Let’s face it, our bodies are nightmare vessels designed to cause us nothing but pain as they ferry our brains around.

Why else would more than one in five people suffer from back pain? Back pain, which is often caused by poor posture and inflexibility, and leads to all sorts of other symptoms such as emotional distress and depression.

Poor posture is often caused by having a desk job, but what can you do about the fact that many jobs require you to sit in a chair all day?

You can’t even escape this by exercising: You go to the gym, work hard, only to find that you’ve spent hours building all sorts of muscle imbalances. Your bench press might have given you a bigger, stronger chest, but now your upper back is miserable. You can’t win.

Or can you?


First: Fix Your Habits, Talk to Professionals

Naturally, you should be sensible: if you are experiencing a lot of pain in any part of your body, go and see a doctor. Not all of your issues can be solved by a blog post on the Internet.

When you’re sure you’ve not got a more serious issue at play, something like Phrakture’s Starting Stretching routines are a widely regarded base for improving your flexibility, which in turn will help you correct your posture. The original post has some outdated links, so here’s a more useful video.

It only takes 15 minutes of your day. Though you won’t see results immediately, stick with it for at least a month and see what happens.

I know, it sucks, because unlike cardio which will make you burn off body fat and increase your stamina, and lifting which will increase your muscle mass, there’s no pleasing direct or aesthetic reason to be doing all this extra work.

Consider it a kind of maintenance that just needs doing, like brushing your teeth and washing your face.


Core Activation and Strengthening

Having a weak core can cause all sorts of muscular imbalances as other parts of your body struggle to take up the slack. If you’re going to make one change to your life, start doing plank as a daily exercise.

There are plenty of guides to the dos and don’ts online, such as this one. This not only strengthens your core, but helps you recognise how you are activating it during the day, or not, as the case may be.

Once you’ve got bored of just sweating in the same basic position, feel free to switch it up by following some of these agonising Youtube tutorials.

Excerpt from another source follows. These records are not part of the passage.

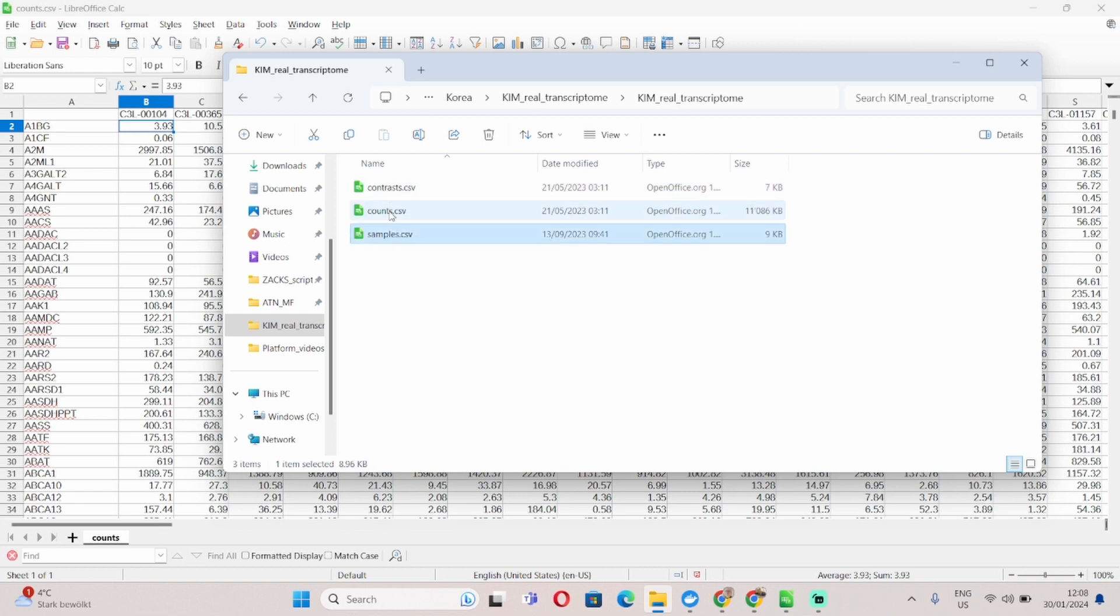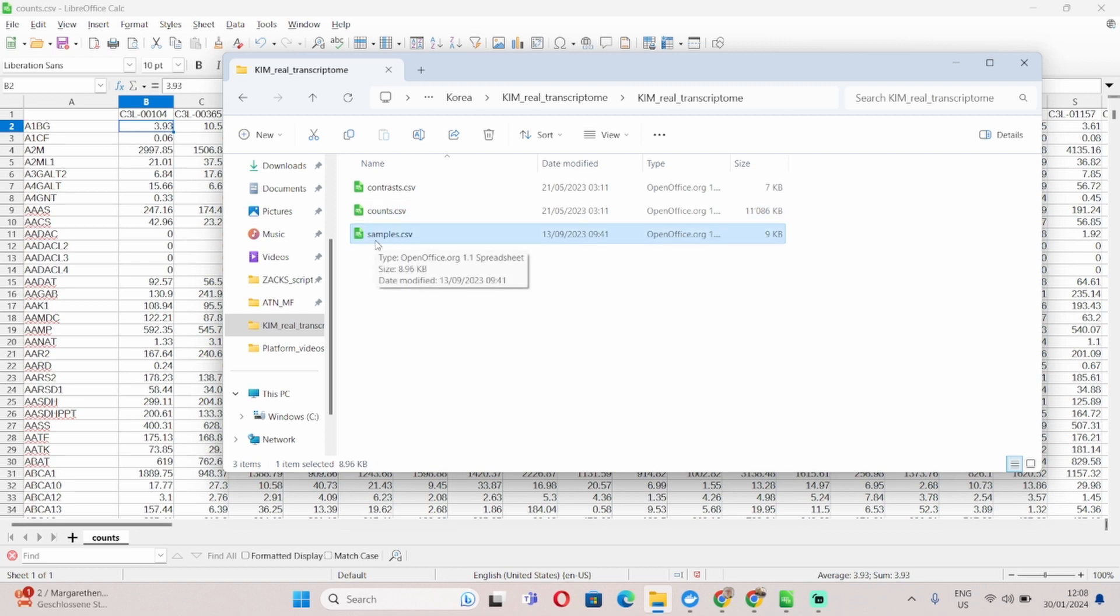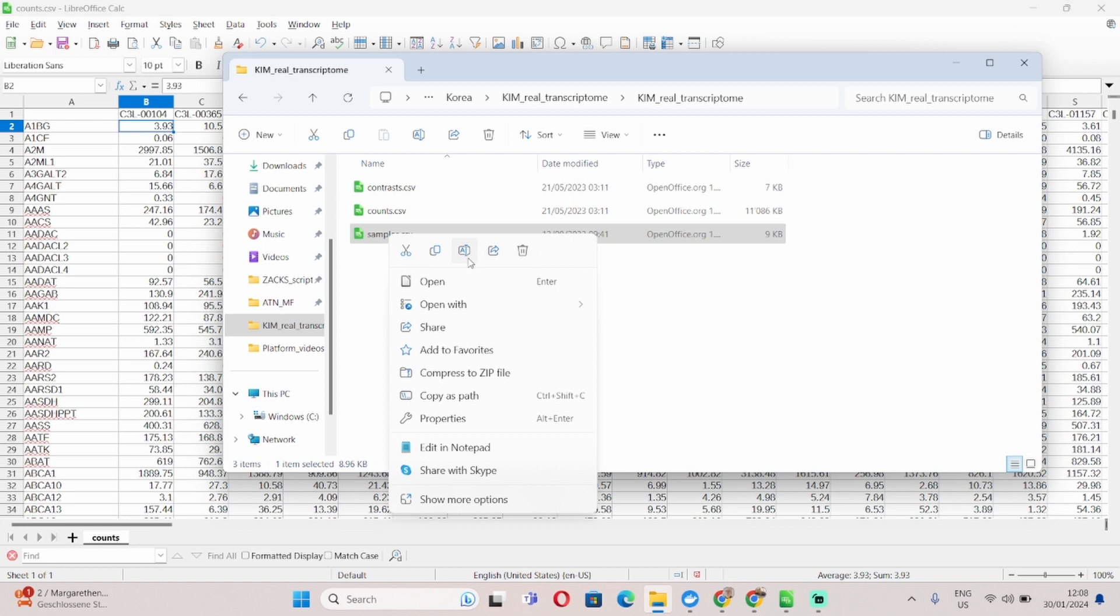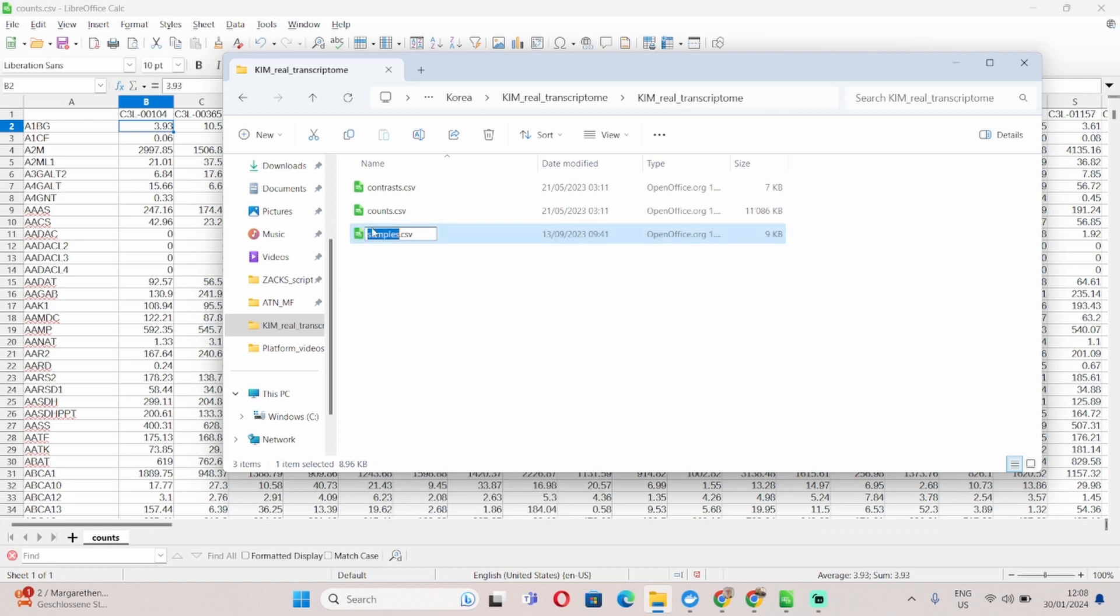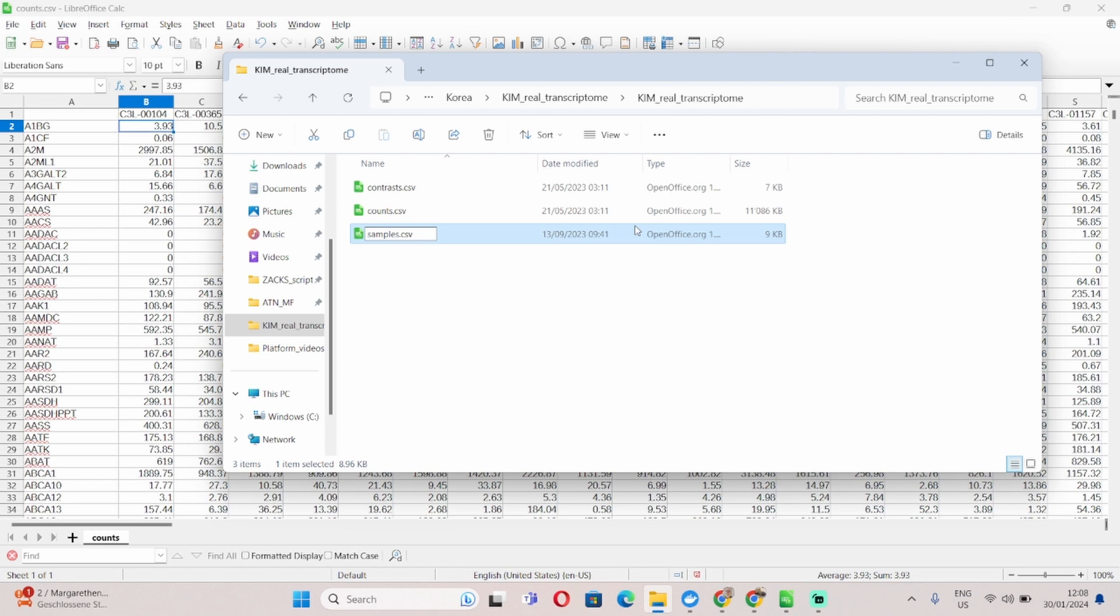This however you need to prepare yourself. Now when it comes to the naming you can really pick any name you want as long as each of the files contains the words samples, counts and contrasts in them. So for example if you want to rename this to be more specific you can say cancer but it has to contain the word samples in it and the same goes for counts.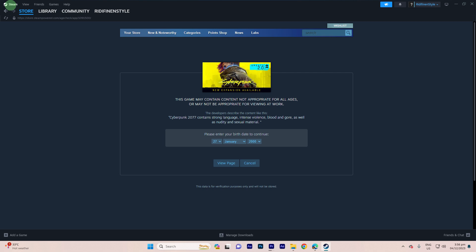Steam does not have a global age restriction setting that you can turn on or off. Instead, age restrictions are typically tied to individual games or content.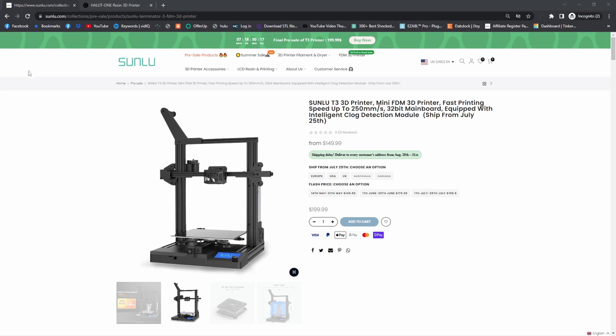Alright, so today we're going to do a video on 3D printing: what types of 3D printers there are, what types of slicer software there is, and what type of 3D modeling software to use as well. Let's get into it. Also don't forget to subscribe and like this video. So we're going to start with FDM because it's pretty much the standard at the moment.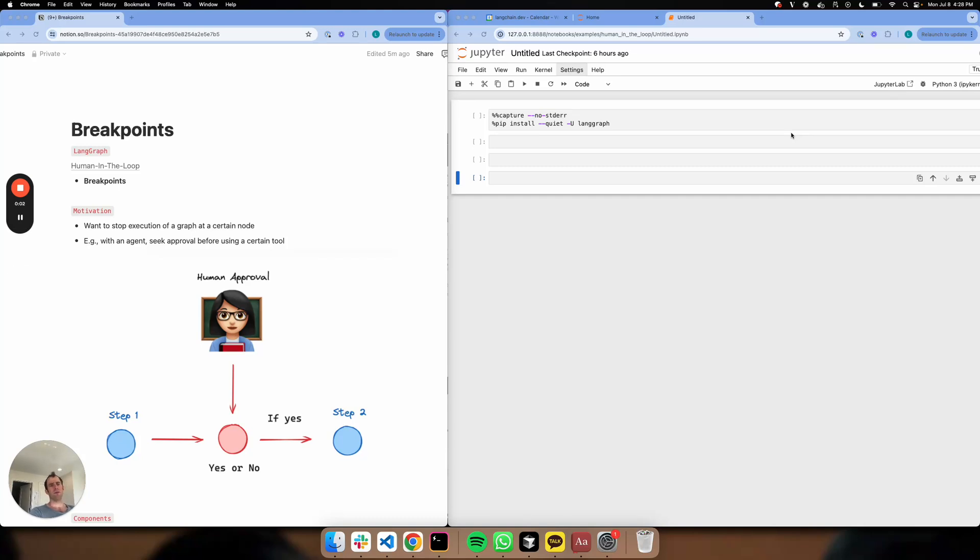Hey, this is Lance from LangChain. I want to talk about some of the more advanced features in LangGraph, starting with the idea of breakpoints.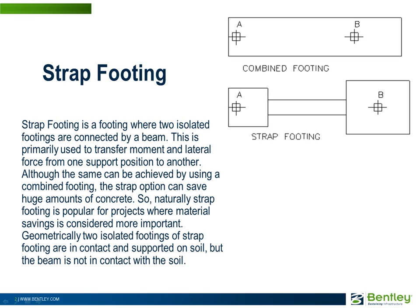Geometrically, two isolated footings of strap footing are in contact and supported on soil, but the beam is not in contact with the soil.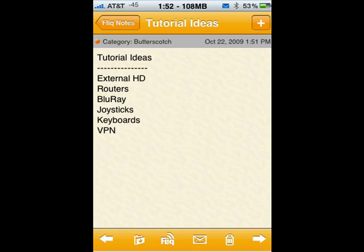Hi, this is Mike Callahan, Dr. FileFinder, and welcome to your Butterscotch.com tutorial on how to copy and paste text on your iPhone. When the iPhone first came out, that was one of the biggest complaints — that you couldn't copy and paste text. Now you can, and we're going to show you how.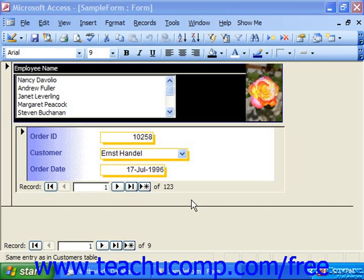When you create subforms, you can choose to display the data in the subform either in a form display or a datasheet display by default.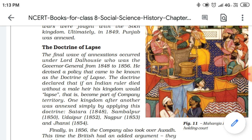Who devised this policy? Lord Dalhousie. He was the Governor General of India from 1848 to 1856. Remember the years: 1848 to 1856.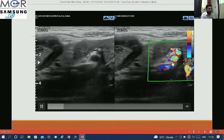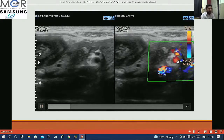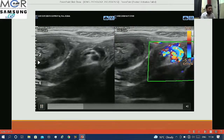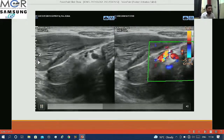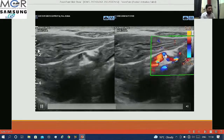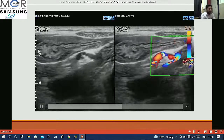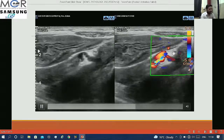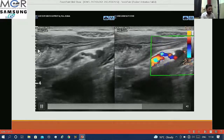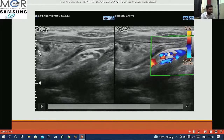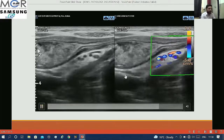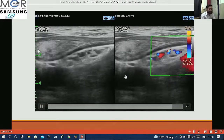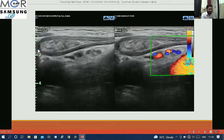Here we can see that the relation between the SMA and SMV is reversed, because usually SMV lies to the left of the SMA. But here we have seen the swirling sign or the whirlpool sign with the reversal of the relationship between the SMA and SMV.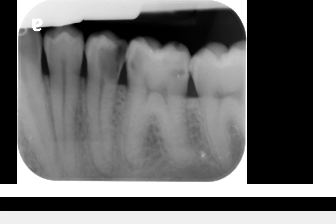Go ahead and take a look at this periapical radiograph. It's clear to all of us that there's a large carious lesion involving tooth number 20, not to mention there's a lesion involving number 19 as well as number 18. This is a large lesion which appears to extend into the pulpal chamber and the pulpal space, and possibly we are seeing a minimally widened PDL space at the apex.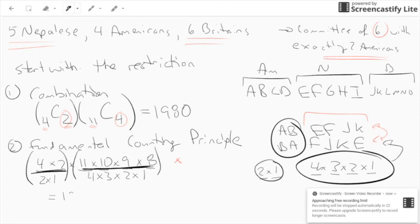It turns out that these two things are actually exactly what combinations are — it's just a different way of looking at it. Which method you use depends on where you are in the course.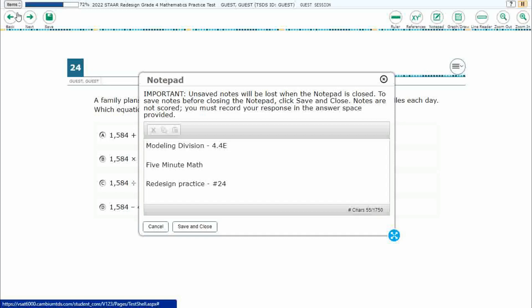Hello and welcome to 5-Minute Math. Today we are looking at the 4th grade concept of modeling and division. This is standard 4.4e in the great state of Texas and we are using item number 24 off the Redesign Practice Online Start Test.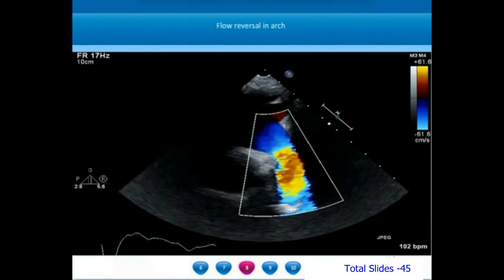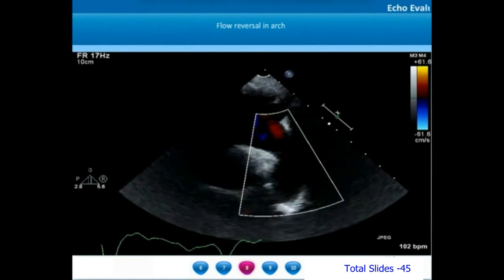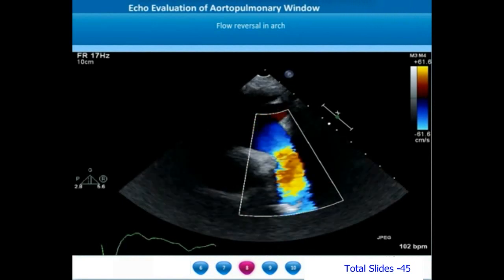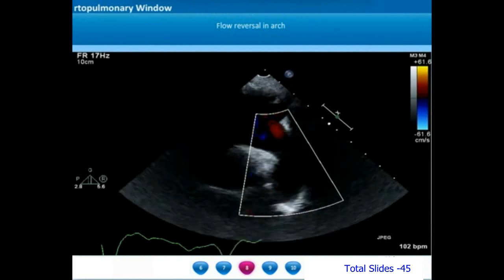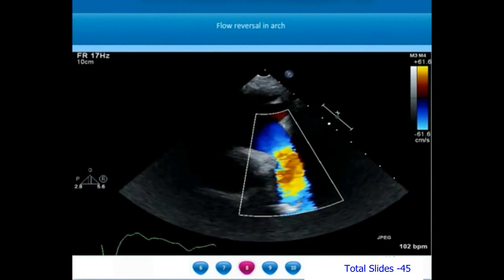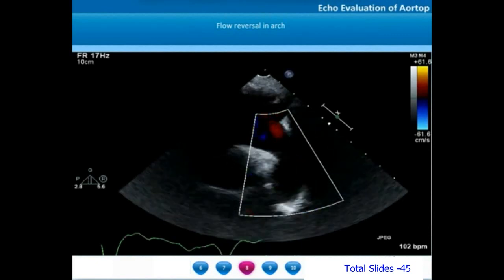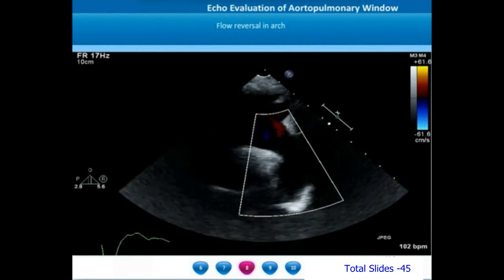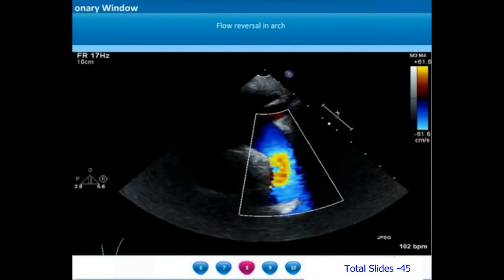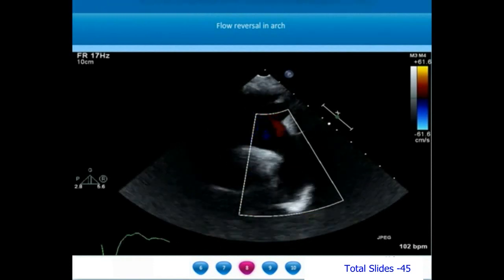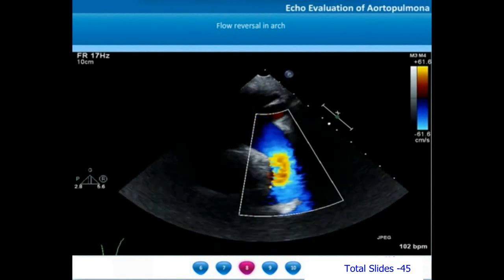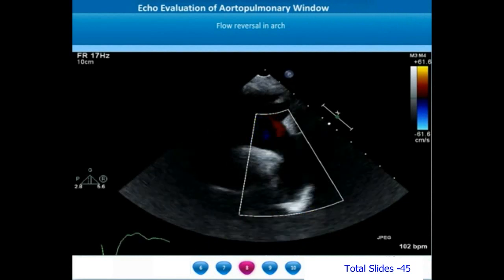When we look at the flows in the suprasternal view, if the distal aortic arch is showing a diastolic flow reversal, that is also an indicator of aortic runoff lesions, one of which will be the aortopulmonary window. In the color flow of the distal arch, we see a blue color in systole, but during diastole there is a red color indicating flow towards the transducer — a flow of blood from the descending thoracic aorta into the arch of the aorta in diastole.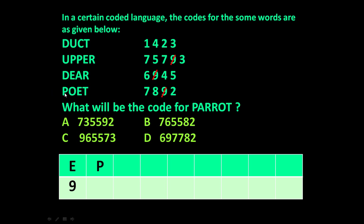Now let us take the next letter: P. P is common in 'poet' and 'upper', and it is also repeated in 'upper'. Looking at the codes, 7 is repeated in 'upper' and 7 appears in 'poet' as well. It means the code for P is 7. We eliminate 7.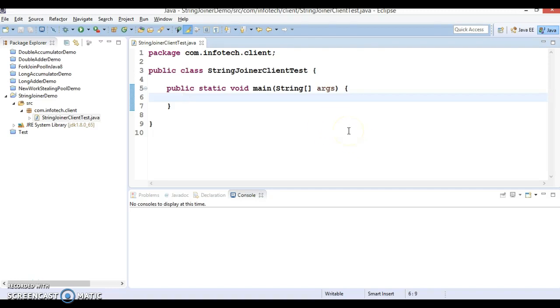Hello friends, my name is Kishan and welcome you in this video tutorial. In this video tutorial we are going to talk about one of the important classes that was added in Java 8, called StringJoiner.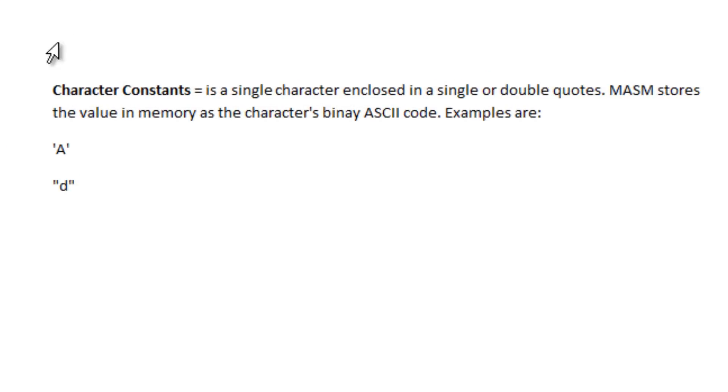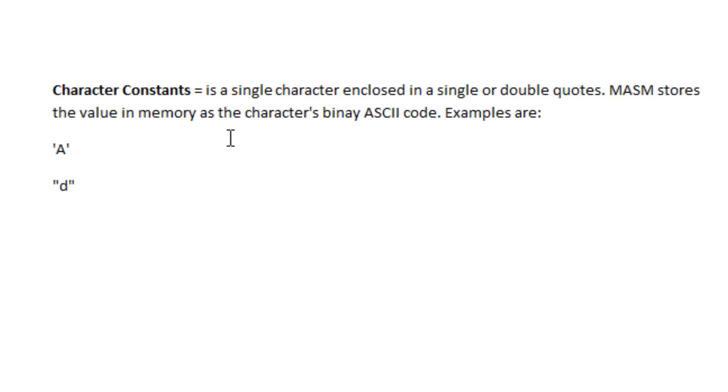Now what are character constants? Character constants is a single character enclosed in a single or double quotes. MASM stores the value in memory as the character's binary ASCII code. Here are some examples.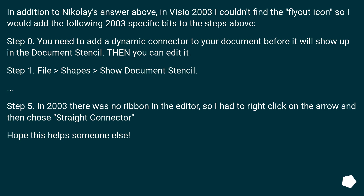In addition to the answer above, in Visio 2003 I couldn't find the fly-out icon, so here are some 2003-specific steps. Step 0: You need to add a dynamic connector to your document before it will show up in the document stencil — then you can edit it. Step 1: File > Shapes > Show Document Stencil. Step 5: In 2003 there was no ribbon in the editor, so I had to right-click on the arrow and choose 'straight connector.' Hope this helps someone.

Add Symmetry to Your Training

Strength training can do a lot of good for your posture, but it can also leave you a little imbalanced, depending on the nature of your programme.

Symmetric Strength can help you work out where your strengths and weaknesses are. Strong anterior deltoids but weak upper traps? Time to think about adding some new weights to your routine!


Avoid “Easy” Fixes

Posture braces: do they work? Unless you’re actually injured in such a way that a doctor recommends one, using a posture corrector such as a back brace won’t fix your problems.

While it can help when you have an injury, using something to hold your posture in the right position can often weaken the muscles required to actually give you better posture, because the brace is picking up all the slack on their behalf. 


Stop Sitting At A Desk All Day

There’s plenty of evidence to suggest that sitting all day is bad for you: a University of Leicester study suggests that you need at least two and a half hours of exercise each week just to mitigate the damage it does.

Our desk job lifestyle is linked to everything from back pain to increased risk of death. Surprise! It is also disastrous for your posture and flexibility.

The obvious fix is a standing desk, though this isn’t always possible, and some tentative studies suggest there might actually be health risks associated with standing around all day as well!

“Bike desks” that add pedals to exercise with can certainly be a great way to lower these health risks, but they’re not necessarily a fix for your posture, and possibly aren’t an option at your workplace.

A potential solution is to get up for a walk and to stretch a little, and to do this regularly. If you’re using the Pomodoro technique (as we’ve recommended on a few occasions), you have a five-minute break every half hour in order to do these.

This study suggests that walking for just two minutes every hour can lower health risks at a rate of 33%.

In addition, here are some suggestions that you can do at your desk, or sneak off to do in the bathroom or outside. You’ll also find a million identical infographics telling you the same information on how to sit properly, but you’re absolutely better off just getting out of your chair a few times each hour.


In Conclusion: Mix and Match

Hopefully these suggestions will give you something to work with. Pick the ones that seem most relevant, and don’t try to make too many changes at once! And as always, make sure you speak to a professional before you do anything new or potentially injurious.